Ghana’s food security threatened as drought predicted

Adnan Adams Mohammed

Image result for agric minister
It has been predicted that, Ghana is likely to experience drought in the near future if much is not done to ameliorate the impact of climate change.

According to prediction,  the Northern part of Ghana will be the hardest hit should there be drought because of the nature of the climate in the three regions of the North.

Senior Research Fellow at IEA, Professor John Asafu-Adjaye disclosed recently that, Ghana is at risk of having a repetition of the 1983 and 2007 droughts experienced by the country in the next few years as climate change becomes more evident.

He remarked, “This particular reason focused on the Northern Regions, the three Northern Regions because that’s where the climate change is going to impact more negatively. In fact, it’s going to impact in the whole of the country but the northern part will feel the brunt of the climate change because already it is one of the hottest areas and it is going to get hotter.”

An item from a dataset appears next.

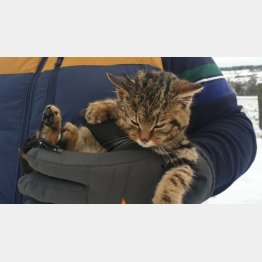 （ＧｏＦｕｎｄＭｅから）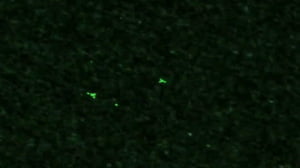 OVNIs por la noche sobre Wittenberge, Alemania, 18 de septiembre 2013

“There’s been several events in the last 20 or 30 years and some of you may remember the early 1980s where we had droughts as well as floods and the worse point of this period was in 1983 and the droughts also affected the whole country and if you remember that was also the year, the migrants from Nigeria was sent back to Ghana and there was a lot of starvation in Ghana. There was also another episode in 2007, maybe not as serious as the 1983 one but this sought of cycle can be expected to happen more frequently in the future as a result of climate change,” he disclosed.

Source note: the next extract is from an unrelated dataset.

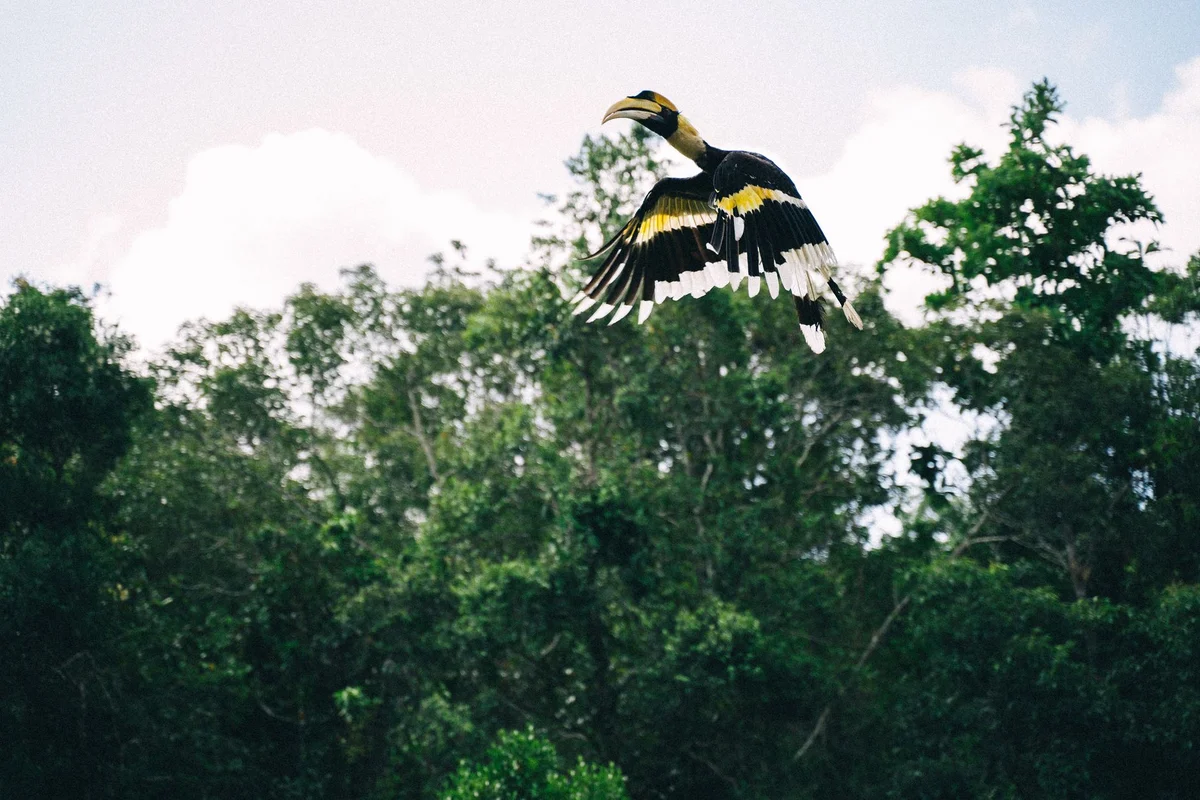 KL Bird Park feature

The Senior Research Fellow at IEA observed that the research also concluded that by 2050 the temperature across Ghana is expected to increase by between 2.1-2.4 degrees centigrade.

He noted that this development may result in harsher weather conditions in the Northern part of the country and increase the poverty level there since majority relies on agriculture for survival

“Northern Region we all know is among the poorest regions in the country and due to the location as well as other challenges. It is going to get drier, it is going to increase poverty and already the poverty levels are high but this could worsen with the effect of climate change” he stated.

Prof. Asafu-Adjaye proposed the creation of irrigation dams and lauded the government for the plans to construct a dam in all districts of the regions of North to provide all year round water.

The research findings were presented during a roundtable discussion held at the Ambassador Birgit Storgaard Dialogue Center, IEA, on the theme “Technological and Market Options for Managing Climate Change-Induced Risks for Smallholder Farmers in Ghana: Evidence from Northern Ghana”.

The research was sponsored by DANIDA but led by a team of Ghanaians researchers with assistance from Danish counterparts.